David Chudwin was the only college journalist accredited by NASA to cover the 1969 Apollo 11 launch and first landing on the Moon. At age 19, he was one of only a handful of teenagers with official press passes at the Kennedy Space Center for the launch.
Chudwin has been a writer since high school, when he was a reporter and an editor of his high school newspaper, The Torch. He then attended the University of Michigan where he was a reporter and an editor of The Michigan Daily, becoming the Managing Editor for the Class of 1972. During this time, he covered the Apollo 11 launch for the College Press Service Wire Network and The Daily. He was also selected to attend a summer journalism program at Ohio State University that involved an internship on the copy desk of The Cleveland Press.
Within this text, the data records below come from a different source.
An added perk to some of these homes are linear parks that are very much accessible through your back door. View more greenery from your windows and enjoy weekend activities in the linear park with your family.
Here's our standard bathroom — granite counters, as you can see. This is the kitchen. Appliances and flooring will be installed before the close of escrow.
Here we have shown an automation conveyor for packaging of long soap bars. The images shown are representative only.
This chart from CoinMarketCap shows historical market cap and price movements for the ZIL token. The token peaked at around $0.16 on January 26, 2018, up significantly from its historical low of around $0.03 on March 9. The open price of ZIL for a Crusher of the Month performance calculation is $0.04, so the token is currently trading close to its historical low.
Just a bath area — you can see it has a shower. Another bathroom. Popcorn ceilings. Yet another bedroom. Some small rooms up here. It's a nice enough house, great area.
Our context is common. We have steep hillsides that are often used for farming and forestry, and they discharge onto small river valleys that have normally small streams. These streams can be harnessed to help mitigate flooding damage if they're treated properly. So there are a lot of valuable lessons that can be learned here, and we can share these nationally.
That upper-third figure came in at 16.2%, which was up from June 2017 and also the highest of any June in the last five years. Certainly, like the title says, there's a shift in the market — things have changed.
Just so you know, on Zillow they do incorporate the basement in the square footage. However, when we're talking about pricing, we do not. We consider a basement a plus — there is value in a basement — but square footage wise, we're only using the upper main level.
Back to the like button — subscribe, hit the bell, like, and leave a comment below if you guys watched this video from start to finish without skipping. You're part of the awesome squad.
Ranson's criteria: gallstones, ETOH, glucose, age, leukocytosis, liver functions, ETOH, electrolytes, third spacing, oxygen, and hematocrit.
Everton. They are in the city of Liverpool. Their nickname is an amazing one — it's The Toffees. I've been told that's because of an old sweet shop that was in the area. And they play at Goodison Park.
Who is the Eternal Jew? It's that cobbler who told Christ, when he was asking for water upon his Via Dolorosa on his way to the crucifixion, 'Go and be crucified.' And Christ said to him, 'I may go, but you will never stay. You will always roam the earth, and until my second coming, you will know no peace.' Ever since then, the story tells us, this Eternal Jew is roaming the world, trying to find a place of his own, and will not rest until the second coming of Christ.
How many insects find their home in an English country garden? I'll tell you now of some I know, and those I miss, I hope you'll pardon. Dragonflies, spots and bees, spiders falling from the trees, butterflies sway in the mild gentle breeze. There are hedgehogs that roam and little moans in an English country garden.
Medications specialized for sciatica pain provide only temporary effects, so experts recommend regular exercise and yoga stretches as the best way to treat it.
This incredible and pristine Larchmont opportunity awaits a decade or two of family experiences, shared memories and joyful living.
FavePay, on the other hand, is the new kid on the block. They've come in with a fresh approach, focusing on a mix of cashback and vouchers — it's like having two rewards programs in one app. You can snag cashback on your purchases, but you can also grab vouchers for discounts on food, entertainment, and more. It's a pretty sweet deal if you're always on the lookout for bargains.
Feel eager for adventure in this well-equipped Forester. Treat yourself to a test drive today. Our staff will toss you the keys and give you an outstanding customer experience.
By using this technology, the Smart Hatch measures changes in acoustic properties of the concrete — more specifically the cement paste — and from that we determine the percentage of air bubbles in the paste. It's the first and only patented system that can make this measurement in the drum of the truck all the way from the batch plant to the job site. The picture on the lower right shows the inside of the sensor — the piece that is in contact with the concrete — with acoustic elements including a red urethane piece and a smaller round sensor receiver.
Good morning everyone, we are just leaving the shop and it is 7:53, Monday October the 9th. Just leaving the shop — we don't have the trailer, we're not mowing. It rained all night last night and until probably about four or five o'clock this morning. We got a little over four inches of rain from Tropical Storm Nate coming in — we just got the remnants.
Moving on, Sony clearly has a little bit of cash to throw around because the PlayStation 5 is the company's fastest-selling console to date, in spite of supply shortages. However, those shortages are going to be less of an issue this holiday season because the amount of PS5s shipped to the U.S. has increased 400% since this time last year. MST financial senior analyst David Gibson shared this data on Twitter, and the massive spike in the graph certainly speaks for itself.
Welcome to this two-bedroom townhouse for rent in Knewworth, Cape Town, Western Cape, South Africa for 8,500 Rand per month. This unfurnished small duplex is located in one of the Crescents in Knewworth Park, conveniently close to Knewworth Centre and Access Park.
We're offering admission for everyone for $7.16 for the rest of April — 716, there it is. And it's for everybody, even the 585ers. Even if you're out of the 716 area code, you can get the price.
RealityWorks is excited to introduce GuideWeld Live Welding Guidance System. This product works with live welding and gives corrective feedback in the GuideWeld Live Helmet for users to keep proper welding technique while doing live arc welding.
He decided to go into medicine instead of journalism, but as a result of his Apollo 11 experiences he developed a life-long interest in space exploration. Chudwin has written about Apollo 11 in a variety of media, including magazines (Spaceflight), hobby publications (Astrophile) and online (collectSPACE and a Facebook series of 70 daily posts in 2014). He has spoken about Apollo 11 at schools and at space meetings, including Spacefest in 2016. Chudwin is well known in the space community, and Apollo astronauts such as Charlie Duke, Fred Haise, Jack Lousma and Al Worden wrote endorsements for this book.
He has been an active blogger online, participating in blogs about space history, space memorabilia, un-manned planetary exploration and the Apollo program. Chudwin is one of the original members of the Space Hipsters group on Facebook, comprising over 16,000 of the most dedicated and influential space enthusiasts around the world.
Chudwin received his medical degree from the University of Michigan and had further medical training at the University of Wisconsin, Madison, and the University of California, San Francisco. He is a practicing allergist/ immunologist in the Chicago suburbs. He is the author of over 30 medical research publications and has been a peer reviewer for research articles about space medicine.
He was married and has two grown children, Adam and Stacy, both of whom are interested in the space program but not to the same extent as their dad. He lives in the northern suburbs of Chicago.